(Saved data entries)
= = = = = = =
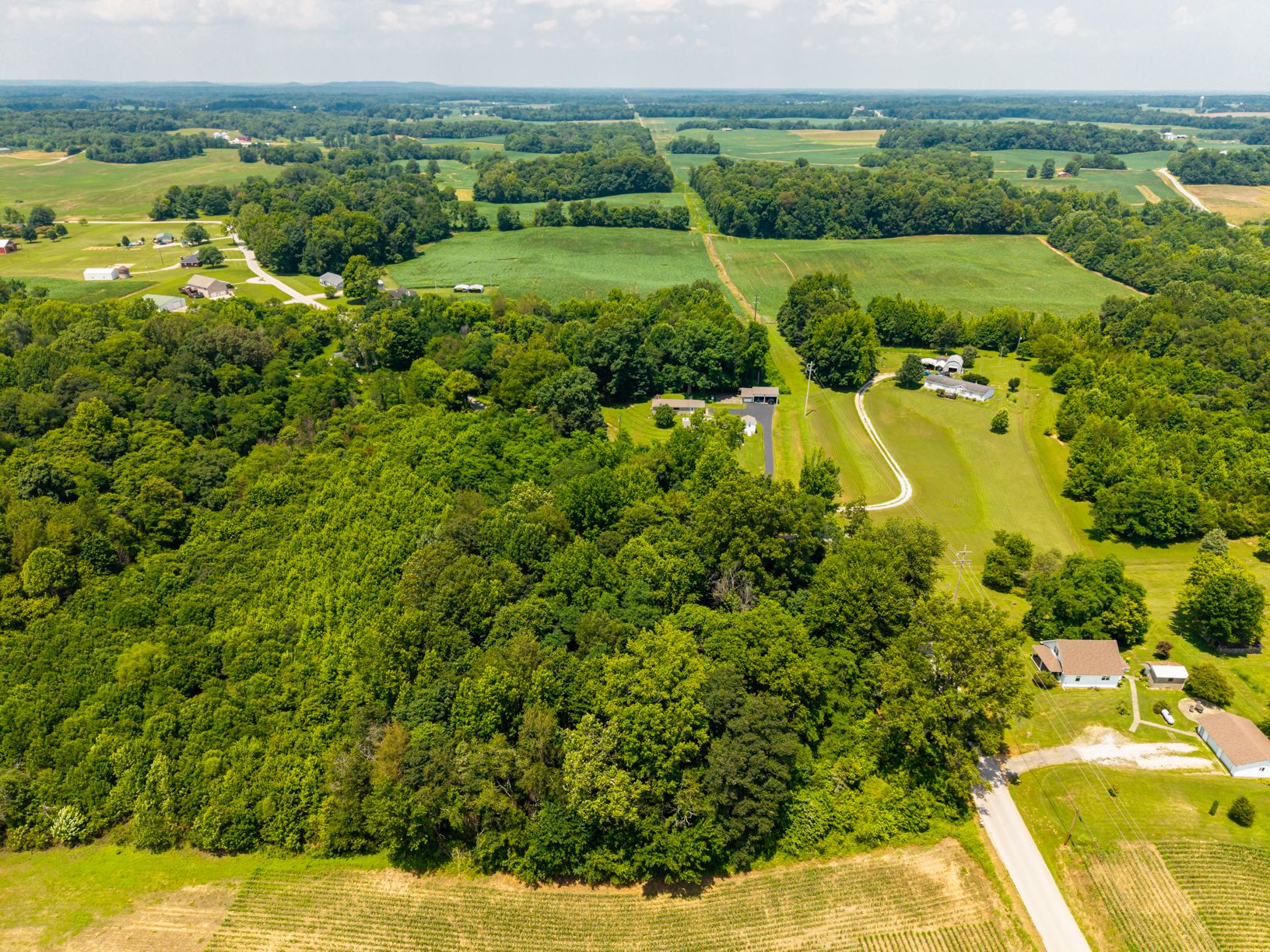 Lot image 10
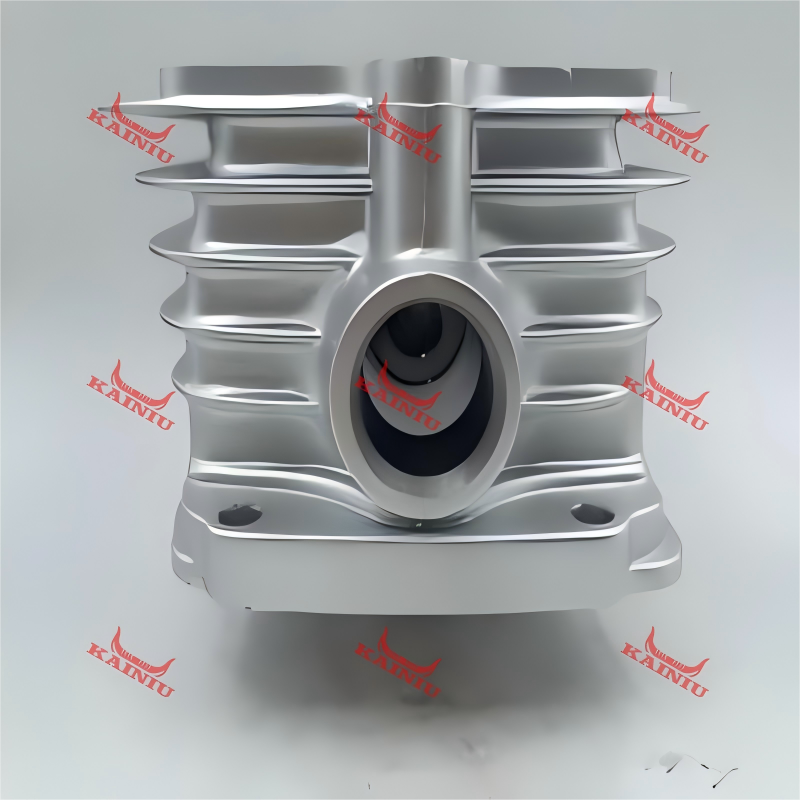 Cylinder Head CG100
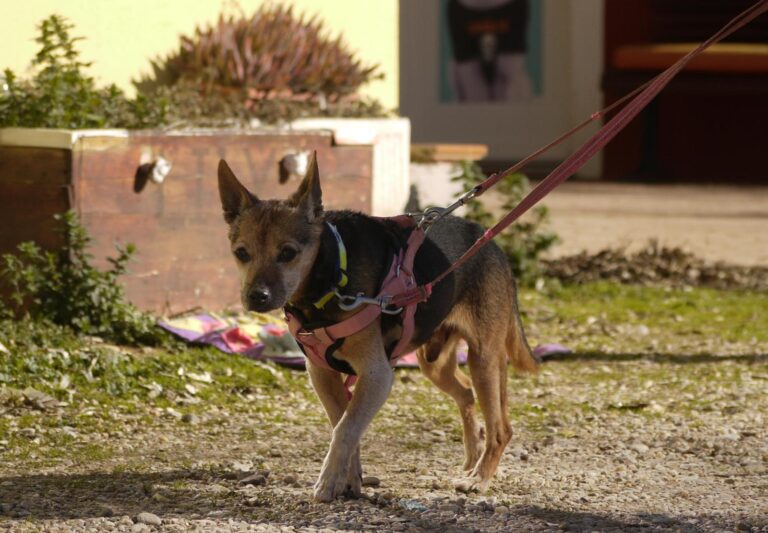 multimedia-foto92647-601-1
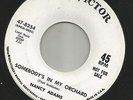 POPCORN MURDER NORTHERN--NANCY ADAMS- SOMEBODY'S IN MY ORCHARD-HEAR- 1964 DJ RCA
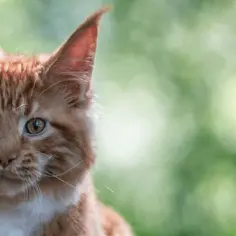 Ile muszą mieć kotki, żeby je oddać? Uniknij błędów w adopcji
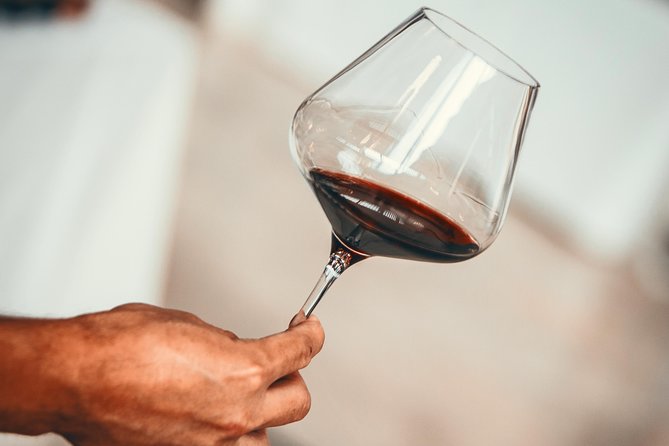 Medoc Region Wine Day Trip with Vineyard Visits & Tastings from Bordeaux - Key points to know before booking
= = = = = = =
*PROBLEM REQUIREMENTS*:
Repeat the records above verbatim. Include none of the pictures.

*EXERCISE RESPONSE*:
 Lot image 10
 Cylinder Head CG100
 multimedia-foto92647-601-1
 POPCORN MURDER NORTHERN--NANCY ADAMS- SOMEBODY'S IN MY ORCHARD-HEAR- 1964 DJ RCA
 Ile muszą mieć kotki, żeby je oddać? Uniknij błędów w adopcji
 Medoc Region Wine Day Trip with Vineyard Visits & Tastings from Bordeaux - Key points to know before booking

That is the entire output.